Your one-man watch over Nigerian leaders is startling as it always spits your supremacy and monopoly of knowledge of democracy and good governance. In effect, the title of your autobiography also underscores your sense of moral supremacy – My Watch. How can you watch over Nigeria for God’s sake? Are you the biblical Melchizedek? God is the only Watch. He delegates the watch to many of His servants across the spectrum of time in Nigeria and elsewhere. With our limited days and fallible thinking faculties an individual cannot watch over this big nation. Institutions watch over American democracy and not Abraham Lincoln.
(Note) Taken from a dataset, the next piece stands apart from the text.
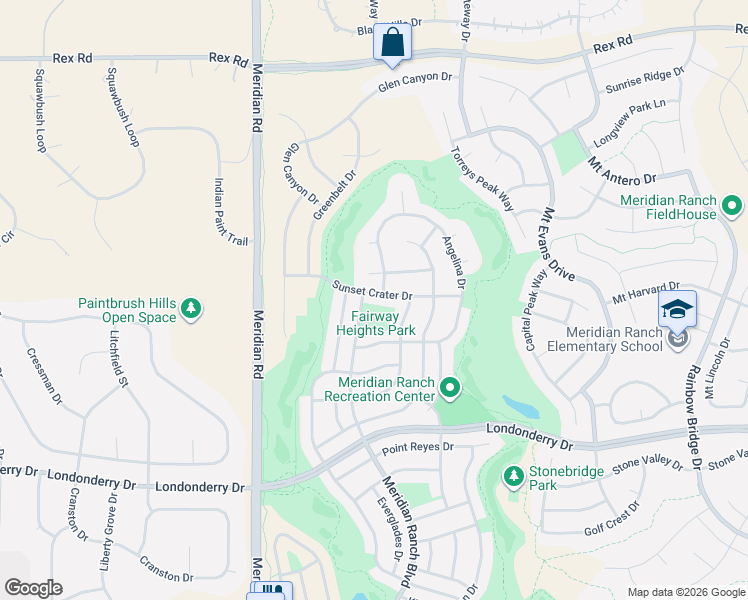 map of restaurants, bars, coffee shops, grocery stores, and more near 12005 Sunset Crater Drive in Peyton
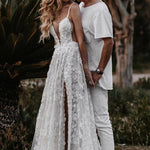 Henley | White Boho A-Line Lace Wedding Dress with Appliques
Sir, as I said earlier you have a great passion and zeal for our country to reach zenith of democratisation. Nevertheless, your regimented viewpoint rarely considers the danger of single thinking. Our compatriot and literary giant Chimamanda Ngozi Adichie admonishes about the danger of single story. The potential Nobel Prize winner in literature warns that we risk critical misunderstanding of issues when one sided outlook is used to define others. Your letters and press releases make me to infer that history may mark any person replicating this kind of character as suffering from Obasanjo Single Story Syndrome (OSSS). Unfortunately, even one of your closest service and political associates late General Shehu Musa Yar’adua understood your NOIREO and OSSS pranks. General Yar’adua boycotted the launch of your book on Chukwuma Kaduna Nzeogwu because in his opinion “he was not the fine officer General Obasanjo’s book tries to portray him. He could not even plan his coup properly to make it succeed beyond Kaduna”. Yar’adua’s statement justifies my own argument that you don’t care about implications of what you write when you write.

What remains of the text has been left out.